“God, I can’t believe how long it’s been since I’ve actually seen you in person. I mean, it must have been at the wedding?”
May shook her head. “No, um, it was before that—when I was in Boston for depositions.”
“Right, at Garvey’s! It’s so sad that place is gone. It was always my mom’s favorite for a special occasion. She’d eat a dozen oysters all by herself with an extra-dry martini.” Kelsey’s thoughts appeared to drift, but she suddenly perked up as she spotted the owner’s note and plucked it from beneath the refrigerator magnet. “Wow, this is extremely detailed. Arianna needs a gummy.”
“Or maybe too many gummies explains why she thought the note should be addressed to ‘Callie,’ ” May said.
Kelsey dropped the instructions on the kitchen counter and did a quick walk-through of the first floor, taking in the shabby-chic decor. The living room was bright and airy, with white furniture and pops of color from throw pillows and the vintage beach posters that lined the walls. “I hope you guys like this place. I know how busy you are.”
Lauren wrapped an arm around her waist and handed her a flute of prosecco as she gestured toward the glass doors leading to the deck. “Are you kidding? Look at this view. You can almost taste the salt from the bay.”
May was rolling Kelsey’s powder blue Rimowa through the kitchen when Kelsey stopped her. “Where are you going?”
“To your room.”
Kelsey followed her to the suite off the kitchen. “One of the rooms is down here?” Her gaze lingered on the stairs. “I guess I didn’t notice that in the listing.”
May was quick to explain. “We can switch if you want to be upstairs. There’s a suite and the small room I took, with a bathroom in the hallway.”
“We barely unpacked,” Lauren added.
“No, I’m being silly.

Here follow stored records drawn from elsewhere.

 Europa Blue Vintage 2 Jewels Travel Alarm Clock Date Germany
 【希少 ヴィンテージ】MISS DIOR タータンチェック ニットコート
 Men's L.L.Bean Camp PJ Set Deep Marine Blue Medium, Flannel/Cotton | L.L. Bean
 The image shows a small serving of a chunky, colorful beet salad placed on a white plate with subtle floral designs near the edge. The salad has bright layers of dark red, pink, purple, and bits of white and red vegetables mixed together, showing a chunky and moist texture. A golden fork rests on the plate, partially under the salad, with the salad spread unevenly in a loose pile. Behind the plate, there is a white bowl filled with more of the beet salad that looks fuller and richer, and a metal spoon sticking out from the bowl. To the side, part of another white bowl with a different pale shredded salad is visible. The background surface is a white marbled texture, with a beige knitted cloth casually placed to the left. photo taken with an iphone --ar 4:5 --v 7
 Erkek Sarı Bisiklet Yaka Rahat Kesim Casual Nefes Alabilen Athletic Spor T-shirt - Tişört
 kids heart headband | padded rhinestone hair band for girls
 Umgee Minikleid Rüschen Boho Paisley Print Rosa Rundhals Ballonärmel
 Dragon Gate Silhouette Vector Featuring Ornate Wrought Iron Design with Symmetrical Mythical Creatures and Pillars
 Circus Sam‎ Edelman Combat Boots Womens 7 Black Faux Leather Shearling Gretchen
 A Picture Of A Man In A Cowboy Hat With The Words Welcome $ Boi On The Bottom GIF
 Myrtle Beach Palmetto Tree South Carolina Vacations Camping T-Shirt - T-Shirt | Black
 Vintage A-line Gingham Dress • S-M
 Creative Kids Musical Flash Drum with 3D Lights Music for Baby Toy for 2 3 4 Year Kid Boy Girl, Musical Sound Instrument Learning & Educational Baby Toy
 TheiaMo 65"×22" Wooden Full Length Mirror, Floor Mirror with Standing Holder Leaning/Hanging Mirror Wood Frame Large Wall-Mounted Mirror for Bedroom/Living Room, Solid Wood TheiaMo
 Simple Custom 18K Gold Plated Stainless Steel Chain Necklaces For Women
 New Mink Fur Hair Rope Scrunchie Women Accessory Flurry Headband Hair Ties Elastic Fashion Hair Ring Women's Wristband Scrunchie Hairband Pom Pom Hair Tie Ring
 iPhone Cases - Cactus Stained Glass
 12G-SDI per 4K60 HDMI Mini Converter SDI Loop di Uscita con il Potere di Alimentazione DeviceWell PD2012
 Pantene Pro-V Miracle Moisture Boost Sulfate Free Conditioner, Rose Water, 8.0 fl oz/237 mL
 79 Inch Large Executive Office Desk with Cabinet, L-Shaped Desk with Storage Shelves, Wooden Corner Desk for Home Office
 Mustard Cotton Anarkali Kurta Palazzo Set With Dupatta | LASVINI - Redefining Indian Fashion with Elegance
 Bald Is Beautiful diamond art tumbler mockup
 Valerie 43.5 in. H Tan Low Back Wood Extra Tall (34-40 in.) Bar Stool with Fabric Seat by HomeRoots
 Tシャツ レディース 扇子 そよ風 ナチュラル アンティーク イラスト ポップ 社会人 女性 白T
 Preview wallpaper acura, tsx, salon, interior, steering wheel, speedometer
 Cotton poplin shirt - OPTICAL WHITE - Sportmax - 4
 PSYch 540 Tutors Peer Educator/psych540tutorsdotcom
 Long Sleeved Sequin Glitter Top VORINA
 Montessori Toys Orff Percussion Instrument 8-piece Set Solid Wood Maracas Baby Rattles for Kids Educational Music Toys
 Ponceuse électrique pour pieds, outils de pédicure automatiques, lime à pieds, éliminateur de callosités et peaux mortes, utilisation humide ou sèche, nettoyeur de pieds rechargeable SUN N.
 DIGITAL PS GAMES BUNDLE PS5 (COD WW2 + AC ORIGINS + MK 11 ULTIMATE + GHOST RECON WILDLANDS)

I just want us all to be together as much as possible. If I get too lonely, I can always take May’s room when she leaves. And if Nate decides to come out, I’ll definitely move upstairs with you.”
“Nate’s coming out?” May asked. She had been preparing herself for a weekend away from her usual routine, but her ex was definitely not part of the plan.
“Unclear. I told him about the trip and that you were leaving early, so he knew I’d have an extra room. He’s not sure about his schedule yet, but, Lauren, are you sure you’re okay if he decides to join? This was supposed to be a girls’ trip.”
“Please, Nate’s family. He can have temporary membership in the Crew.”
Was Kelsey already counting down the hours until her departure? May stopped herself. Why did she always have to overthink everything? Kelsey seemed to be over the fact that May had been a shitty friend for a while, but May wondered if she would ever stop feeling guilty.
A ringing sound came from the back pocket of Kelsey’s overalls. She glanced at the screen and then rejected the call with an eye roll. She didn’t need to explain that the caller was her father. “It’s nonstop, you guys. I’ve begged him to text, but he pretends he doesn’t know how.” She waited for the ping of a new voicemail message and hit play.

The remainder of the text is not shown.